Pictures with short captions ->
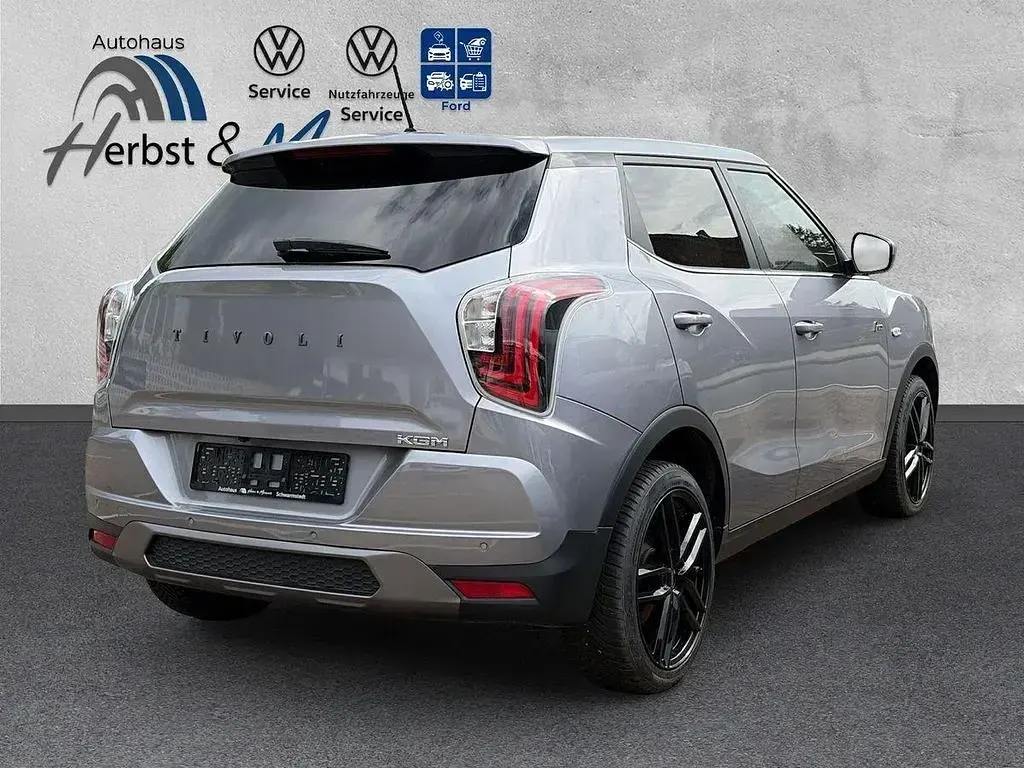 Gebraucht KGM Tivoli 163 PS (119 kW) 2025 Silber SUV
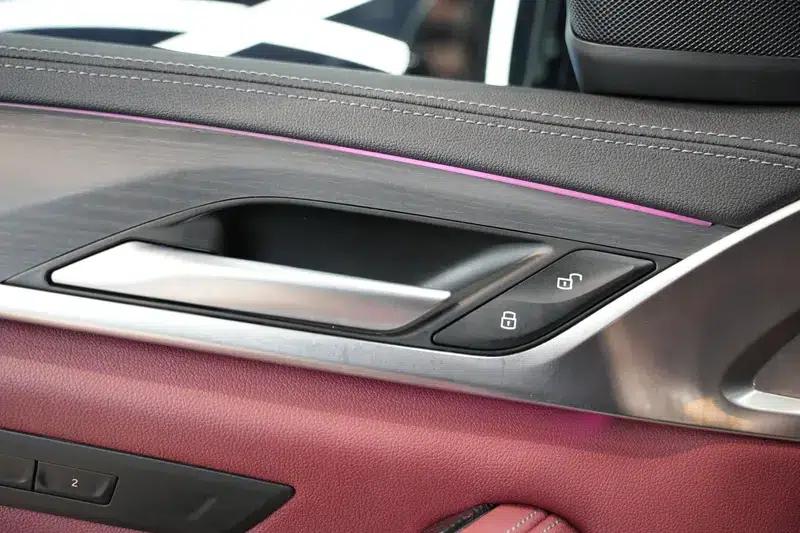 BMW 5 Series 2022 Facelift 530Li Leading Model M Sport Package — миниатюра 10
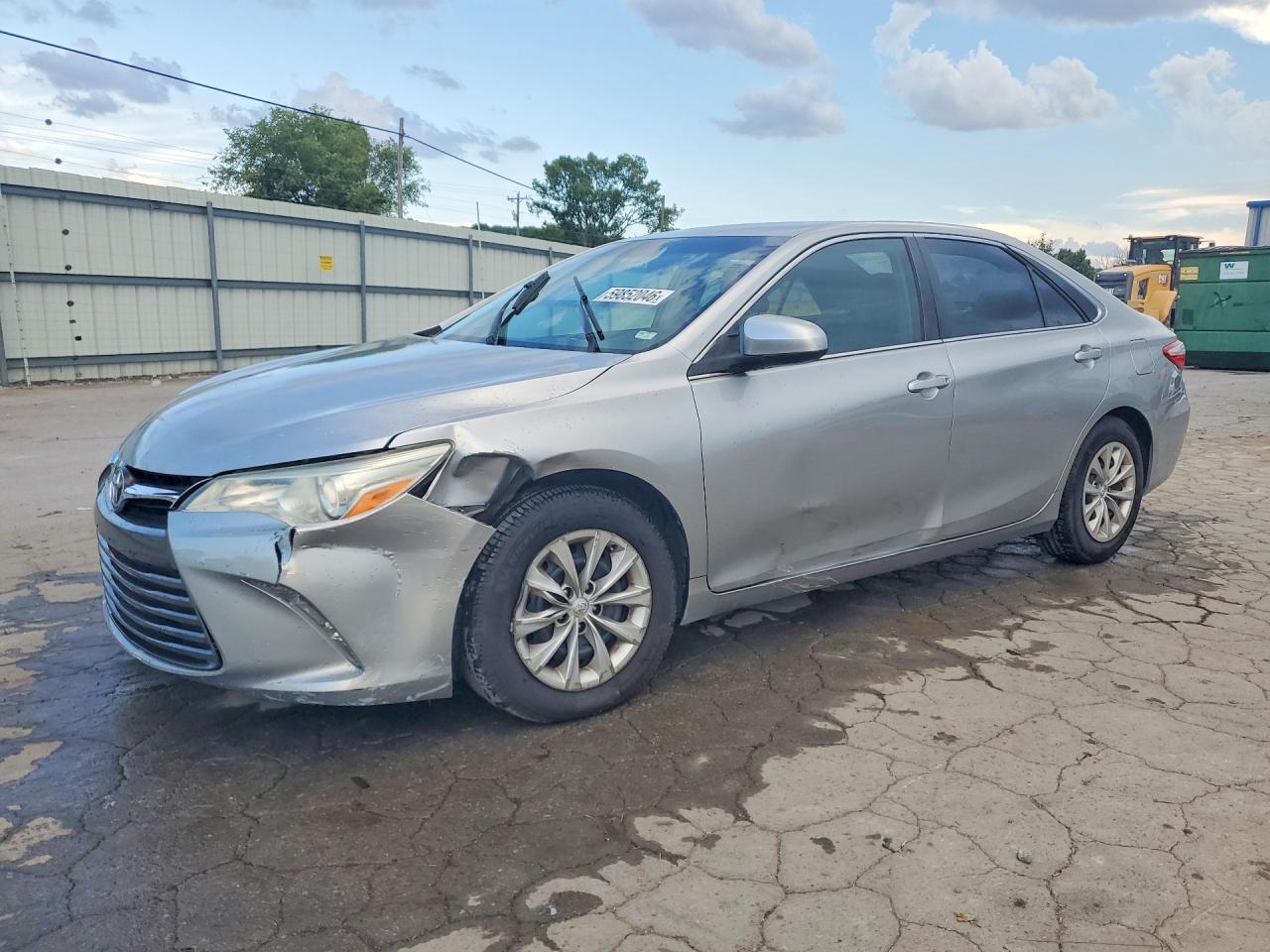 2016 TOYOTA CAMRY LE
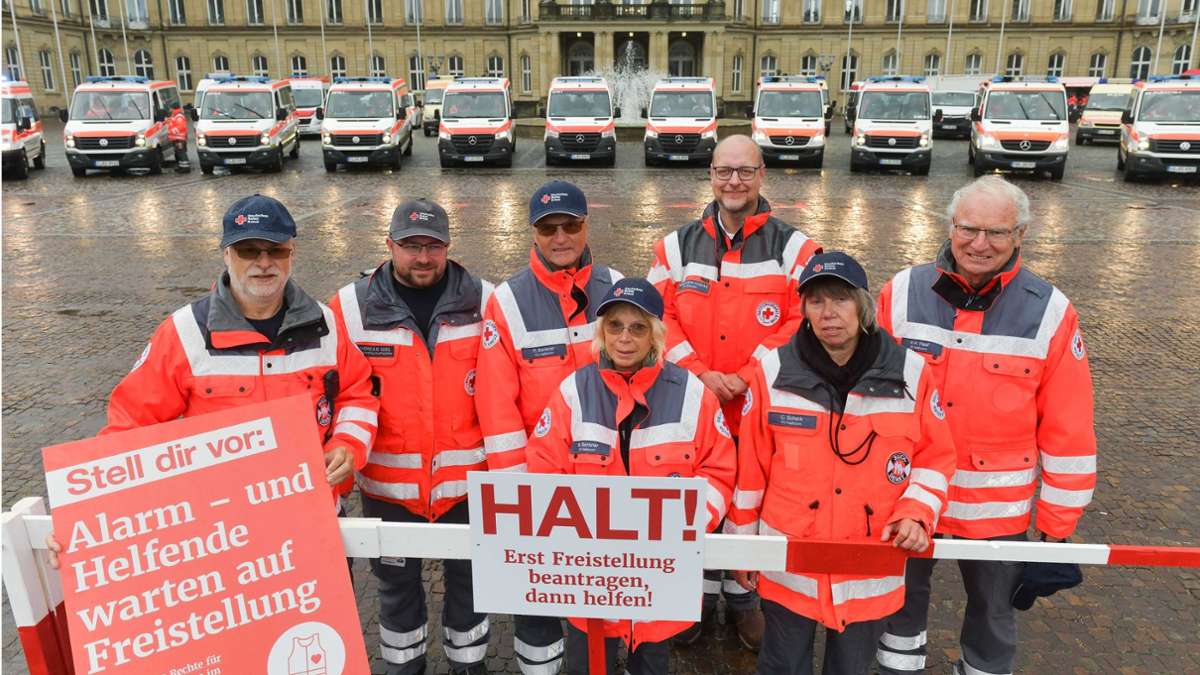 DRK-Protestaktion in Stuttgart: Retten als Privatvergnügen? Ehrenamtliche demonstrieren für Gleichstellung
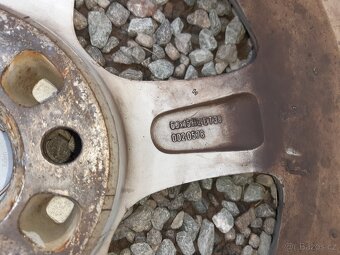 Originální alu. kola Škoda Octavia1 Pneu 205/60 R15 Letní - 4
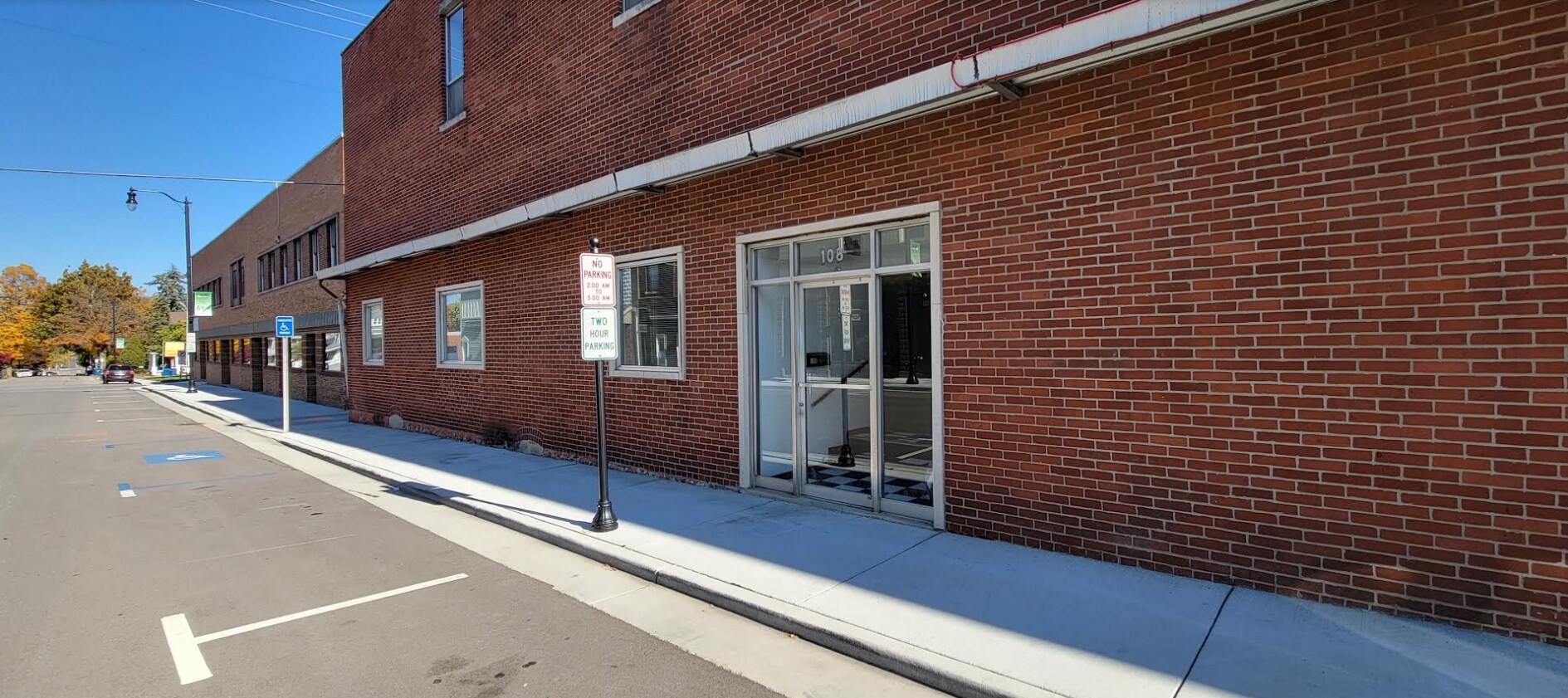 108 N Center St, Bremen, IN for sale Primary Photo- Image 1 of 1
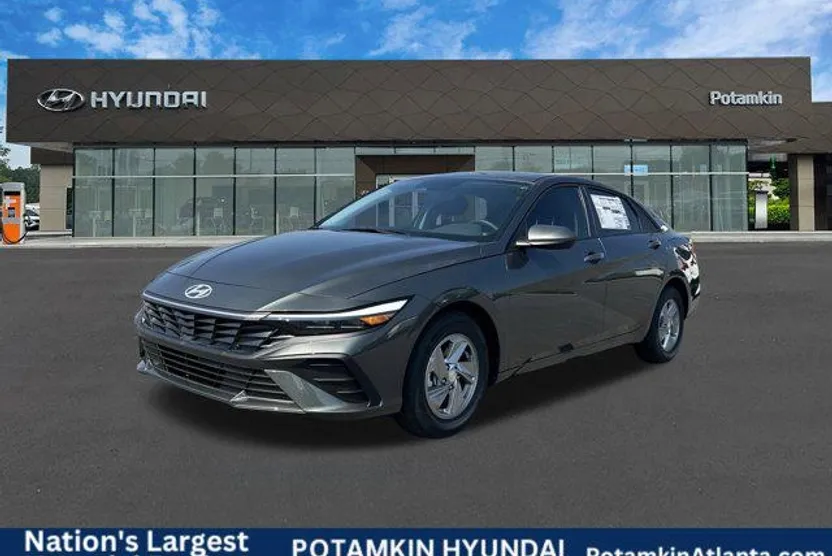 2025 Hyundai Elantra SE photo 1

ACTIVITY -> Give back each entry verbatim but drop its pictures.

EXERCISE ANSWER ->
 Gebraucht KGM Tivoli 163 PS (119 kW) 2025 Silber SUV
 BMW 5 Series 2022 Facelift 530Li Leading Model M Sport Package — миниатюра 10
 2016 TOYOTA CAMRY LE
 DRK-Protestaktion in Stuttgart: Retten als Privatvergnügen? Ehrenamtliche demonstrieren für Gleichstellung
 Originální alu. kola Škoda Octavia1 Pneu 205/60 R15 Letní - 4
 108 N Center St, Bremen, IN for sale Primary Photo- Image 1 of 1
 2025 Hyundai Elantra SE photo 1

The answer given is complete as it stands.